#### What you need to do:
Would you output the following records verbatim and skip the images in them?

#### Input data:
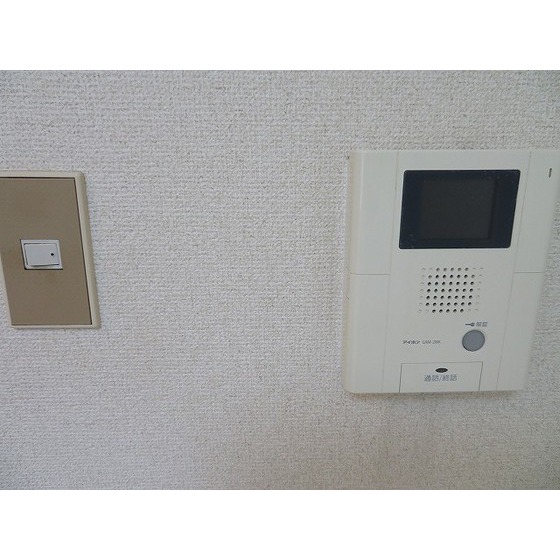 三番館竹下0204号室 モニター付きインターホン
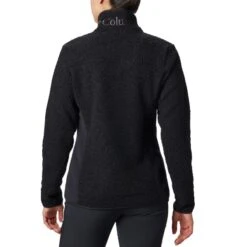 COLUMBIA PANORAMA FULL ZIP BLACK 23 -Warm Winter Outlet Store 9 124249 1861191 010 03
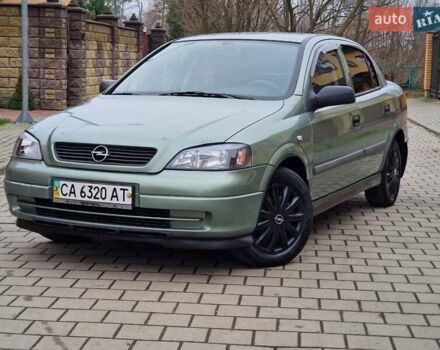 Зелений Опель Астра, об'ємом двигуна 1.36 л та пробігом 179 тис. км за 3000 $, фото 5 на Automoto.ua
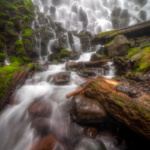 Ramona Falls Mt Hood Wilderness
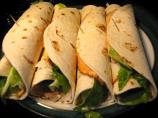 Buffalo Chicken Wrap in a Snap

#### Answer section:
 三番館竹下0204号室 モニター付きインターホン
 COLUMBIA PANORAMA FULL ZIP BLACK 23 -Warm Winter Outlet Store 9 124249 1861191 010 03
 Зелений Опель Астра, об'ємом двигуна 1.36 л та пробігом 179 тис. км за 3000 $, фото 5 на Automoto.ua
 Ramona Falls Mt Hood Wilderness
 Buffalo Chicken Wrap in a Snap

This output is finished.